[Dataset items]
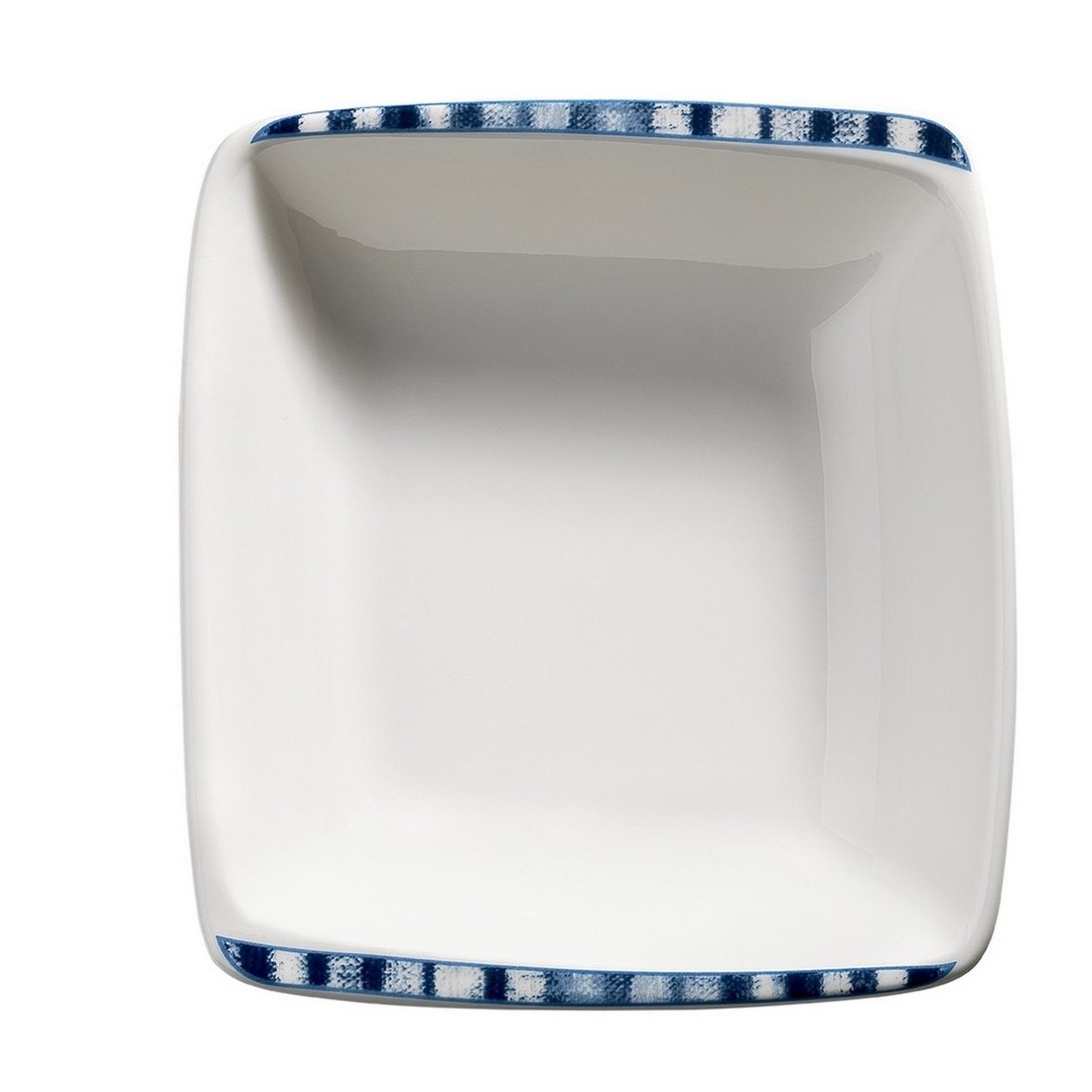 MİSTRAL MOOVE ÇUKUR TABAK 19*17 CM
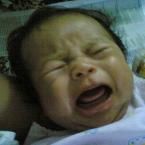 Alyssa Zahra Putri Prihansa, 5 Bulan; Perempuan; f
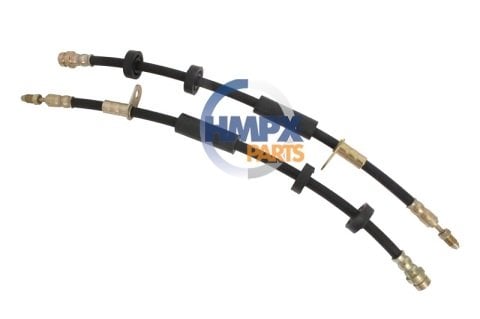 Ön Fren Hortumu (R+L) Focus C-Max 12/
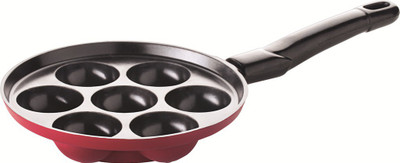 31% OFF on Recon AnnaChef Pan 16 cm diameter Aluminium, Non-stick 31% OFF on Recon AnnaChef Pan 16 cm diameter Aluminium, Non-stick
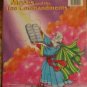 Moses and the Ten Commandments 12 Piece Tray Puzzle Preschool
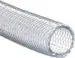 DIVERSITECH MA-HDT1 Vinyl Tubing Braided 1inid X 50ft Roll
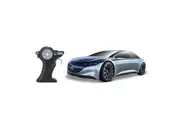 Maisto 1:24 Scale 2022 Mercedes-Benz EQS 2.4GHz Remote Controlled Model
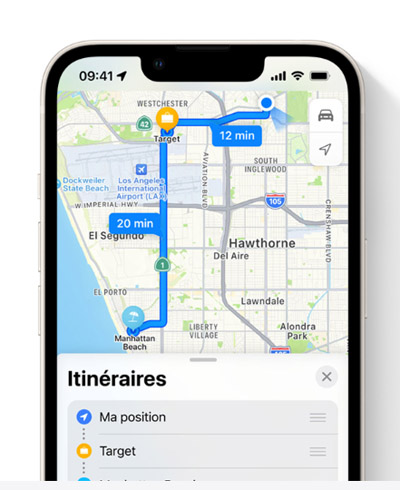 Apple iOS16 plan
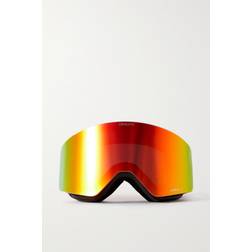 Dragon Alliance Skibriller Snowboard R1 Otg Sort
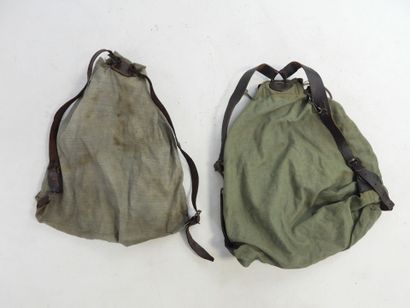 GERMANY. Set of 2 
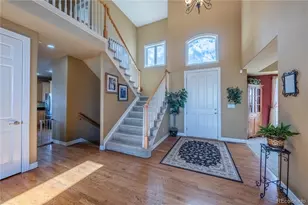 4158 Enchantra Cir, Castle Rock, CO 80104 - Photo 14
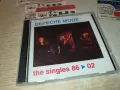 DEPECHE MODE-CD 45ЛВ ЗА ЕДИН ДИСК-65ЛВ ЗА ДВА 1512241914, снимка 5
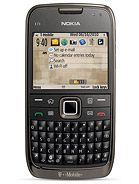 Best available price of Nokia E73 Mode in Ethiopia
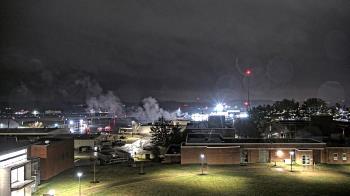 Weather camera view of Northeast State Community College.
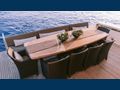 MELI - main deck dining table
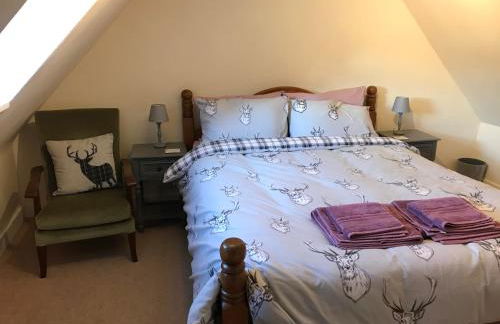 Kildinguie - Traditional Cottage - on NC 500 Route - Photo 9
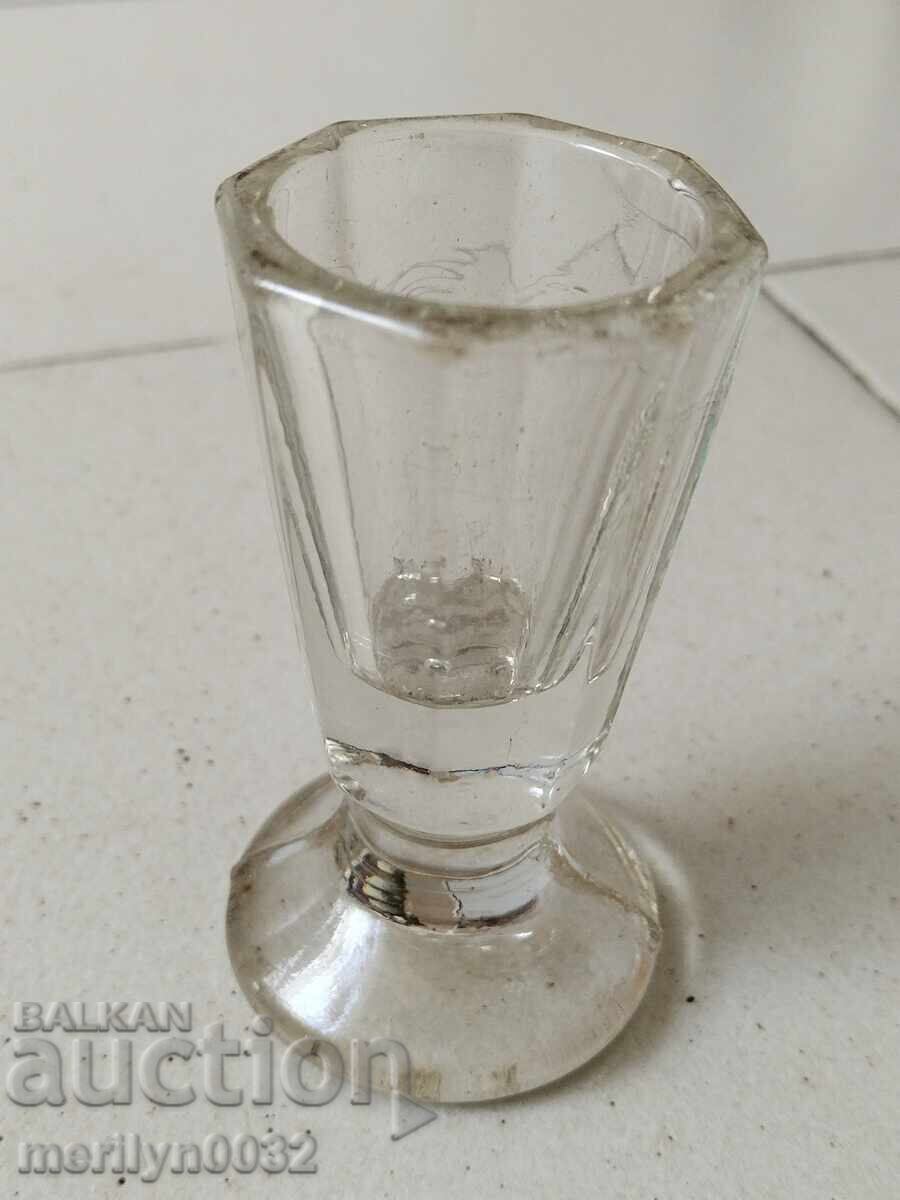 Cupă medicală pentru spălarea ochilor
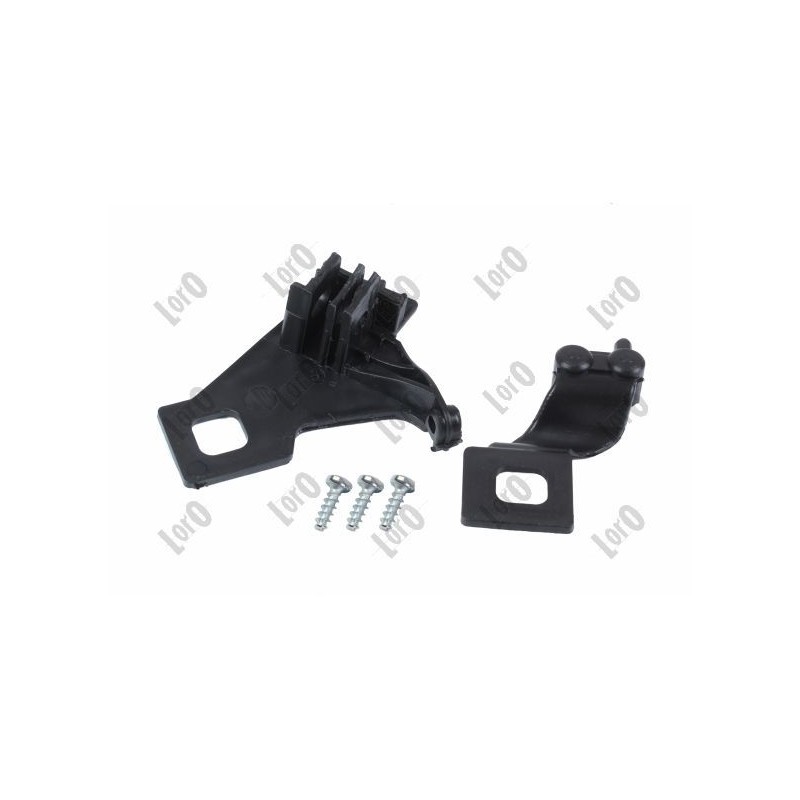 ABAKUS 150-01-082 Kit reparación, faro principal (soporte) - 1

◆ Exercise directions:
Repeat the records word for word. Leave out whatever pictures they hold.

◆ Response to the exercise:
 MİSTRAL MOOVE ÇUKUR TABAK 19*17 CM
 Alyssa Zahra Putri Prihansa, 5 Bulan; Perempuan; f
 Ön Fren Hortumu (R+L) Focus C-Max 12/
 31% OFF on Recon AnnaChef Pan 16 cm diameter Aluminium, Non-stick 31% OFF on Recon AnnaChef Pan 16 cm diameter Aluminium, Non-stick
 Moses and the Ten Commandments 12 Piece Tray Puzzle Preschool
 DIVERSITECH MA-HDT1 Vinyl Tubing Braided 1inid X 50ft Roll
 Maisto 1:24 Scale 2022 Mercedes-Benz EQS 2.4GHz Remote Controlled Model
 Apple iOS16 plan
 Dragon Alliance Skibriller Snowboard R1 Otg Sort
 GERMANY. Set of 2 
 4158 Enchantra Cir, Castle Rock, CO 80104 - Photo 14
 DEPECHE MODE-CD 45ЛВ ЗА ЕДИН ДИСК-65ЛВ ЗА ДВА 1512241914, снимка 5
 Best available price of Nokia E73 Mode in Ethiopia
 Weather camera view of Northeast State Community College.
 MELI - main deck dining table
 Kildinguie - Traditional Cottage - on NC 500 Route - Photo 9
 Cupă medicală pentru spălarea ochilor
 ABAKUS 150-01-082 Kit reparación, faro principal (soporte) - 1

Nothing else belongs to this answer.